--- Provided information ---

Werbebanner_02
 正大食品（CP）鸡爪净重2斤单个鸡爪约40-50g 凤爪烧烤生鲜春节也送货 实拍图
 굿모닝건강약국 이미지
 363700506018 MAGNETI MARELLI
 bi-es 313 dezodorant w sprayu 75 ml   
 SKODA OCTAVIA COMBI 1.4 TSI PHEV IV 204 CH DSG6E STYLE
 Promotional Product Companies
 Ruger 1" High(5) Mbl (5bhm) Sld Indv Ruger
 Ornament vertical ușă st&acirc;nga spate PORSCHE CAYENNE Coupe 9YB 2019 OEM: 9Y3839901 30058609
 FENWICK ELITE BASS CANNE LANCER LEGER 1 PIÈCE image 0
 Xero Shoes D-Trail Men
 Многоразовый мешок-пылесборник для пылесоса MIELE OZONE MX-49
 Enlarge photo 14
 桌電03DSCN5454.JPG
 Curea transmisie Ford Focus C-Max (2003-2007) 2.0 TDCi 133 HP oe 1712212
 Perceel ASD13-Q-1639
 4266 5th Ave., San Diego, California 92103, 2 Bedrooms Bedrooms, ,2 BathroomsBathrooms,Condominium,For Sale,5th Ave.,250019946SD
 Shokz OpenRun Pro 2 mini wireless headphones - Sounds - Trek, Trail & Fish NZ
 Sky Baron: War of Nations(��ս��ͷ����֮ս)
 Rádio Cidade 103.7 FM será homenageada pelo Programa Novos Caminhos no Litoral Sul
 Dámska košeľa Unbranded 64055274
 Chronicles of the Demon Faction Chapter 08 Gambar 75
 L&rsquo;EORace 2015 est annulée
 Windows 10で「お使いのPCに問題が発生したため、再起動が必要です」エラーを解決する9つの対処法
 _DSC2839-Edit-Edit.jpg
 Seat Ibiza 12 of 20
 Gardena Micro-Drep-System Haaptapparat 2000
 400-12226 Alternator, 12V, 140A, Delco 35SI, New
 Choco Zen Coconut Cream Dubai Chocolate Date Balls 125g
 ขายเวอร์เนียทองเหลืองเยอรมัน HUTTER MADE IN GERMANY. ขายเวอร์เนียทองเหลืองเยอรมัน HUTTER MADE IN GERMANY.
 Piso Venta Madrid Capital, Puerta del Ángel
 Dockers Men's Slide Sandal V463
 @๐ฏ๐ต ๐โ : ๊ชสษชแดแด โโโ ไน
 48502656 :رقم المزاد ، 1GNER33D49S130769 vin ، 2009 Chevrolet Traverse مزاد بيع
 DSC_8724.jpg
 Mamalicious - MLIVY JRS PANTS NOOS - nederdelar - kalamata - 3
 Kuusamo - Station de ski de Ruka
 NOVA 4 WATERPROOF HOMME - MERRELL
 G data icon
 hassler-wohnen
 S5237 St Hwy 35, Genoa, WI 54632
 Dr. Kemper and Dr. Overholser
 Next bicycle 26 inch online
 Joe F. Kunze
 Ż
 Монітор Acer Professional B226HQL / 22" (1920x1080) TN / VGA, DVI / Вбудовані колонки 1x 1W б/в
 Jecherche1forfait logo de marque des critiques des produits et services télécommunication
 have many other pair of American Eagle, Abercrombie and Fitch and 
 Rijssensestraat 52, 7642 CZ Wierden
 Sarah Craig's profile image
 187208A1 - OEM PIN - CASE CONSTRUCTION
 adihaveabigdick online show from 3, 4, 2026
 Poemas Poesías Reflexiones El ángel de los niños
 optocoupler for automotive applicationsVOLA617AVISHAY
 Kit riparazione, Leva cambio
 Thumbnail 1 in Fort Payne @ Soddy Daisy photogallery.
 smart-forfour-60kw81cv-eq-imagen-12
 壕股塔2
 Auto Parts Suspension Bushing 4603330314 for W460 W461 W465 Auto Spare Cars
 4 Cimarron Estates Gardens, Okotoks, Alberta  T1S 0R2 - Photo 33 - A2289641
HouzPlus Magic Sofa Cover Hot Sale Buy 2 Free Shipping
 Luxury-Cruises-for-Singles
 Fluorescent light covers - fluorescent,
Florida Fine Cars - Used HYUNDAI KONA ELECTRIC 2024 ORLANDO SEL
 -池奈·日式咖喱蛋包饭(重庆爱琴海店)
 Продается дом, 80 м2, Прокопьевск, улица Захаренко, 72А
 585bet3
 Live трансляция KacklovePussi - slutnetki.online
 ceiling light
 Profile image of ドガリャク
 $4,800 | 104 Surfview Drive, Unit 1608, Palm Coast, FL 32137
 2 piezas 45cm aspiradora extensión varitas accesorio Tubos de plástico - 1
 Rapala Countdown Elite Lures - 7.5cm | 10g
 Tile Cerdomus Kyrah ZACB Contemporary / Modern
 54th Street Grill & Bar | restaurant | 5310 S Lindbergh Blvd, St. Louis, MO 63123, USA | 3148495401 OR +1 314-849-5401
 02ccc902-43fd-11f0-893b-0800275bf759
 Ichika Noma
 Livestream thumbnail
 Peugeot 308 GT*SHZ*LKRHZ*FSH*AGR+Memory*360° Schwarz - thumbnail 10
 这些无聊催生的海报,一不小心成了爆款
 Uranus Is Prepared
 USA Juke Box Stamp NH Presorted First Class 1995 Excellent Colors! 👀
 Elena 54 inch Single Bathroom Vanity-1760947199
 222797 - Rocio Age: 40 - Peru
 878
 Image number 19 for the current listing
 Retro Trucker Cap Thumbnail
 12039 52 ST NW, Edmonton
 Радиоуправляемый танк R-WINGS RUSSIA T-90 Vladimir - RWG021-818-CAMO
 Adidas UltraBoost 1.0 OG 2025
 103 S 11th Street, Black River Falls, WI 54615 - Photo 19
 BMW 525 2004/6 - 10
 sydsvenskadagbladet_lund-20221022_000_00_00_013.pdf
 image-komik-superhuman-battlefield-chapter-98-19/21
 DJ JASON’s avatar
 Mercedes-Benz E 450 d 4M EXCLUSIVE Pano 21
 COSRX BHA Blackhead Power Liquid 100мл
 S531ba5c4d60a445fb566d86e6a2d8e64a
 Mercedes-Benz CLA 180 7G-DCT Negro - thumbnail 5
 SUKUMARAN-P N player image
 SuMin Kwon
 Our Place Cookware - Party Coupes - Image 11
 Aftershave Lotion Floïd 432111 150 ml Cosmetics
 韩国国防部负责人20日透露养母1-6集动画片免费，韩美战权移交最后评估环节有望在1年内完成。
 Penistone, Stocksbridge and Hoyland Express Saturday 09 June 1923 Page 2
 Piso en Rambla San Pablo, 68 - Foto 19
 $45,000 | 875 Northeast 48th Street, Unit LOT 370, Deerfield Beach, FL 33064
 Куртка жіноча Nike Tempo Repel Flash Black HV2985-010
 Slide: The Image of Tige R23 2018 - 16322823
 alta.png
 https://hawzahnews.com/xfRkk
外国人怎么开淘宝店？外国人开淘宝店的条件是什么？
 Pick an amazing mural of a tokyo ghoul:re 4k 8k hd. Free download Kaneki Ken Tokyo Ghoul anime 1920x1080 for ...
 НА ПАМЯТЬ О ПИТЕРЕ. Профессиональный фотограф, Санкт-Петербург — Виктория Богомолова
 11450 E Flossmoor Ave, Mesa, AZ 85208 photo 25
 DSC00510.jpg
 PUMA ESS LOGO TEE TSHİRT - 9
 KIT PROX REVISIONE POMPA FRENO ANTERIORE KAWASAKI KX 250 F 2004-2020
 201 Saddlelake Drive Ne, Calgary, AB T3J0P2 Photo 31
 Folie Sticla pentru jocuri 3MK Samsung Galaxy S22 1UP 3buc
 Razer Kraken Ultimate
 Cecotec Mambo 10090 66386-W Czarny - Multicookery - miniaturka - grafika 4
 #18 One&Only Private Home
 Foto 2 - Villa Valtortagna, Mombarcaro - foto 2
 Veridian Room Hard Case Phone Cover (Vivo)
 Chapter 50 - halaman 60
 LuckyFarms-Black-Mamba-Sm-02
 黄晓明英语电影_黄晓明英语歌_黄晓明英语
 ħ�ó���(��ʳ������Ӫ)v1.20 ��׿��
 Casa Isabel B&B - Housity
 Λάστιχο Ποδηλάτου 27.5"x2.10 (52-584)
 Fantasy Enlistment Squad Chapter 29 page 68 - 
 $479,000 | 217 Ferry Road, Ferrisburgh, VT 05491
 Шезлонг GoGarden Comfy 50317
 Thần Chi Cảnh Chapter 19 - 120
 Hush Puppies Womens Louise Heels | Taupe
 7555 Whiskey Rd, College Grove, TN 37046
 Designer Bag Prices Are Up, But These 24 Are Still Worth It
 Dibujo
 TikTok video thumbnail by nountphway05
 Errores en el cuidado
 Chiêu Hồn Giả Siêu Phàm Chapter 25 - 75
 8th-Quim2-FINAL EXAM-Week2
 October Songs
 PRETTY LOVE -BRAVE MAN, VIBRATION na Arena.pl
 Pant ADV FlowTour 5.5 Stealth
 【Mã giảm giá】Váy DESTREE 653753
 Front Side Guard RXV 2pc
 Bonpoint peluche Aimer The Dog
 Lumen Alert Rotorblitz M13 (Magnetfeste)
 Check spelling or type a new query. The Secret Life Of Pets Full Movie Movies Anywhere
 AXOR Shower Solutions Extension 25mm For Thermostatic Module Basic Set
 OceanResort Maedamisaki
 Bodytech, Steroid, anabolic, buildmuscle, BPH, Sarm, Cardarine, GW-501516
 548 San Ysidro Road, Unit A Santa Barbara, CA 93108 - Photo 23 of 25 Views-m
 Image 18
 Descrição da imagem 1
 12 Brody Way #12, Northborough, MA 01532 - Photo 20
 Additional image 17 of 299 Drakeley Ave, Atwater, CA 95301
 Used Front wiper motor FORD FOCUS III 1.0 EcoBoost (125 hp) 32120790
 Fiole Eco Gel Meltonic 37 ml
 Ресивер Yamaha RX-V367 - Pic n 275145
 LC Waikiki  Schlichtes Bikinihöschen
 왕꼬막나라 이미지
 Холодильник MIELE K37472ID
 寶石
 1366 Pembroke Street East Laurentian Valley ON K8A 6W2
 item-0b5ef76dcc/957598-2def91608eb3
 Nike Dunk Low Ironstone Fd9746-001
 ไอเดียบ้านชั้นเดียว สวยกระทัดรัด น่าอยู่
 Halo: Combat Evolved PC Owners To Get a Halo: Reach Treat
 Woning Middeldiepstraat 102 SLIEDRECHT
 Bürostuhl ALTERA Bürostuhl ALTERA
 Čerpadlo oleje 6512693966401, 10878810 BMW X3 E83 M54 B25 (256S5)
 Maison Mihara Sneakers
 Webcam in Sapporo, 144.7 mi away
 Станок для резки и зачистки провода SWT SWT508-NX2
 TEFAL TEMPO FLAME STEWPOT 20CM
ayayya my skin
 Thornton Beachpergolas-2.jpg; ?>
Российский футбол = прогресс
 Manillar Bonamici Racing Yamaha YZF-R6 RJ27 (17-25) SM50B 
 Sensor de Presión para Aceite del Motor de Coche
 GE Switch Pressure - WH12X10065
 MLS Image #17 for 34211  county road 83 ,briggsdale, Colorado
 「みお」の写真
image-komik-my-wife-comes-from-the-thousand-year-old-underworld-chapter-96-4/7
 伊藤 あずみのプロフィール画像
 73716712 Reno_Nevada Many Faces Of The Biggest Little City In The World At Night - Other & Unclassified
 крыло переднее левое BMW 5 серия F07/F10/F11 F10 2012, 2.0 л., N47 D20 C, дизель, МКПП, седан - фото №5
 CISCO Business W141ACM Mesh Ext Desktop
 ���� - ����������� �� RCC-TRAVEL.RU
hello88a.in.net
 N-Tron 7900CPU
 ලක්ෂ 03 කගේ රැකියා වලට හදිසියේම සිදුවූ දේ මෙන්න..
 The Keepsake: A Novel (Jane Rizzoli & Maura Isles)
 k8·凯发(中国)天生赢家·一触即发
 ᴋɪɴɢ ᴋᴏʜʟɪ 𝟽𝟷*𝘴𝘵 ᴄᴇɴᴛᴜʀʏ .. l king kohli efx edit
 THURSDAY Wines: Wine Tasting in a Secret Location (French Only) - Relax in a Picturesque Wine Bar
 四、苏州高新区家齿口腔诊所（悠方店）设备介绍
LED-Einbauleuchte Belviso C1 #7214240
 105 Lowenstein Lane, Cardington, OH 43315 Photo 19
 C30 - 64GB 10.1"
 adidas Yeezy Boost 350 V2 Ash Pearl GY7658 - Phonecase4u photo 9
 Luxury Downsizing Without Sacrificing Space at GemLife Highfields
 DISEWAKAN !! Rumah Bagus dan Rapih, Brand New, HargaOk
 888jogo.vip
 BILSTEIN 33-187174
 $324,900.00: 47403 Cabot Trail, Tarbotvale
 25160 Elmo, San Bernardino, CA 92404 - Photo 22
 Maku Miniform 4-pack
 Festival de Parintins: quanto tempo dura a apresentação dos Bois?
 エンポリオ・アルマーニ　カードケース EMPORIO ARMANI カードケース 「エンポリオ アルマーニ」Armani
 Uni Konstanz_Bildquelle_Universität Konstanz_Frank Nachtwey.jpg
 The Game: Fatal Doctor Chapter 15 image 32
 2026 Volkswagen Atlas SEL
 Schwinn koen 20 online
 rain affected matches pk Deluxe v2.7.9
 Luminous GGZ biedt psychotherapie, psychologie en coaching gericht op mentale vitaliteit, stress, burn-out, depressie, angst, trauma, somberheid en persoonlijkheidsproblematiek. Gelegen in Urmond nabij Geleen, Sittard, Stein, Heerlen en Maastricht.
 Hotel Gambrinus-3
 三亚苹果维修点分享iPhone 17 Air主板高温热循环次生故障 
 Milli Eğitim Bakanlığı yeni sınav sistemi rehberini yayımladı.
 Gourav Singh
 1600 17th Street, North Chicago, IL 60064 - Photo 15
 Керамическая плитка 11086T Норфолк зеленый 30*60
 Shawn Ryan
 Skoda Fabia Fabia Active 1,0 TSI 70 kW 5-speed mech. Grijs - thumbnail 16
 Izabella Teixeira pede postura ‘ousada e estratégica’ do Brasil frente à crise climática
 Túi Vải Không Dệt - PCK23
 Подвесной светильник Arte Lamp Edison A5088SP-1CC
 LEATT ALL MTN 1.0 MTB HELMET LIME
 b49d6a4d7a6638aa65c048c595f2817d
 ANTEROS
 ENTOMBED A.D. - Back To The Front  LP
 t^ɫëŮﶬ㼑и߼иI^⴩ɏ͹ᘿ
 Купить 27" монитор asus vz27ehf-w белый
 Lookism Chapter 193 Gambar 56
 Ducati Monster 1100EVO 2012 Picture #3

---

In the listing above, find the line containing "Pant ADV FlowTour 5.5 Stealth" and the line containing "Descrição da imagem 1", then repeat those two lines and everything between them exactly.

 Pant ADV FlowTour 5.5 Stealth
 【Mã giảm giá】Váy DESTREE 653753
 Front Side Guard RXV 2pc
 Bonpoint peluche Aimer The Dog
 Lumen Alert Rotorblitz M13 (Magnetfeste)
 Check spelling or type a new query. The Secret Life Of Pets Full Movie Movies Anywhere
 AXOR Shower Solutions Extension 25mm For Thermostatic Module Basic Set
 OceanResort Maedamisaki
 Bodytech, Steroid, anabolic, buildmuscle, BPH, Sarm, Cardarine, GW-501516
 548 San Ysidro Road, Unit A Santa Barbara, CA 93108 - Photo 23 of 25 Views-m
 Image 18
 Descrição da imagem 1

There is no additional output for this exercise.